1. See the Florida Aquarium animals: If you haven’t checked it out yet, the Florida Aquarium in Tampa has launched its first ever SEA-SPAN Facebook Live “to keep kids learning and adults entertained during these difficult times.” Their first video featured their famous lemurs, Lulu, Remy and Annie. They’ve also had story time with one of their educators and musicians playing tunes, and they started off this week letting their penguins waddle around the exhibits. It’s adorable. Visit the aquarium’s Facebook page at 10 a.m. daily. The aquarium also posts the SEA-SPAN sessions on its website and on YouTube so the shows can be watched on demand.

2. Learn sign language: An American Sign Language teacher is hosting free sign language classes that will run weekdays at 1 p.m. on her Instagram: @aslrochelle. All are welcome, but she says it is “especially great for school-aged kids.” She plans to run them every week until May 29 or until her kids go back to school.

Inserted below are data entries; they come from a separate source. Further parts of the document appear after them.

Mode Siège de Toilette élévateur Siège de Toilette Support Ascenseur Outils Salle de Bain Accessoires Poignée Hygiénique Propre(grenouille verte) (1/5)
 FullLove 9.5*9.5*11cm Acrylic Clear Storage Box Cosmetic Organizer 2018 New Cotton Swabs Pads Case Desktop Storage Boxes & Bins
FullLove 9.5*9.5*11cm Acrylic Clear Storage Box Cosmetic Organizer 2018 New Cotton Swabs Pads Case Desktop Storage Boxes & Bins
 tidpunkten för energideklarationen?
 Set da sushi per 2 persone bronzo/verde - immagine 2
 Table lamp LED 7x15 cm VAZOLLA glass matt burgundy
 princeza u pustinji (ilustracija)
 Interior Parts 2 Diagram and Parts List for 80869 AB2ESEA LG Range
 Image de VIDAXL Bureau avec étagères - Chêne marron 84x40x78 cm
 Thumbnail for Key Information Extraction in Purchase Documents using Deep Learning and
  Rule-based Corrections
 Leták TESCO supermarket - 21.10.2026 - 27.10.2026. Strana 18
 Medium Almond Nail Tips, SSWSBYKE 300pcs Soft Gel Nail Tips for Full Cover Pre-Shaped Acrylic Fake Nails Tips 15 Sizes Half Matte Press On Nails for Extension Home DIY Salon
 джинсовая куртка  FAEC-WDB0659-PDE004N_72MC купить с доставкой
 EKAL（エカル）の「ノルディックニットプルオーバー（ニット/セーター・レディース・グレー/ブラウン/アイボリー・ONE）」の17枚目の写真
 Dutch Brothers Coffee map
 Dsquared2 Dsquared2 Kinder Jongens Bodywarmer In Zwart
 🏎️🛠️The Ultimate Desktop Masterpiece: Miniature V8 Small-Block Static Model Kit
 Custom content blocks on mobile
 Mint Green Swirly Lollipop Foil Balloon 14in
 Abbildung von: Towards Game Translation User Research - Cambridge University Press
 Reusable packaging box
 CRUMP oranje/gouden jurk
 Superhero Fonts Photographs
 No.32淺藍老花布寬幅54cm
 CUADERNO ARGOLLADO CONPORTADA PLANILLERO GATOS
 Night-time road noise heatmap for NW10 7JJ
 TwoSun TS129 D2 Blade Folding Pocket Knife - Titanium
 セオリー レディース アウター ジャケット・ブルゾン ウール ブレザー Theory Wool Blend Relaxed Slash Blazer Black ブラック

3. Take a cooking class: Delish launched an Instagram Live series teaching parents and kids some fun and easy recipes they can make together. The session, hosted by editorial director Jo Saltz and her own children, features kid-friendly recipes such as pizza waffles and puppy chow. Episodes will air weekdays at 1 p.m. and last 15 to 20 minutes.

Popular children's author Mo Willems, who was the subject of a special exhibit at the Glazer Children's Museum in Tampa last year, is offering free "how to doodle" classes online. The tuturoial are live each day on the Kennedy Center's website. [ GLAZER CHILDREN'S MUSEUM | Glazer Children's Museum ]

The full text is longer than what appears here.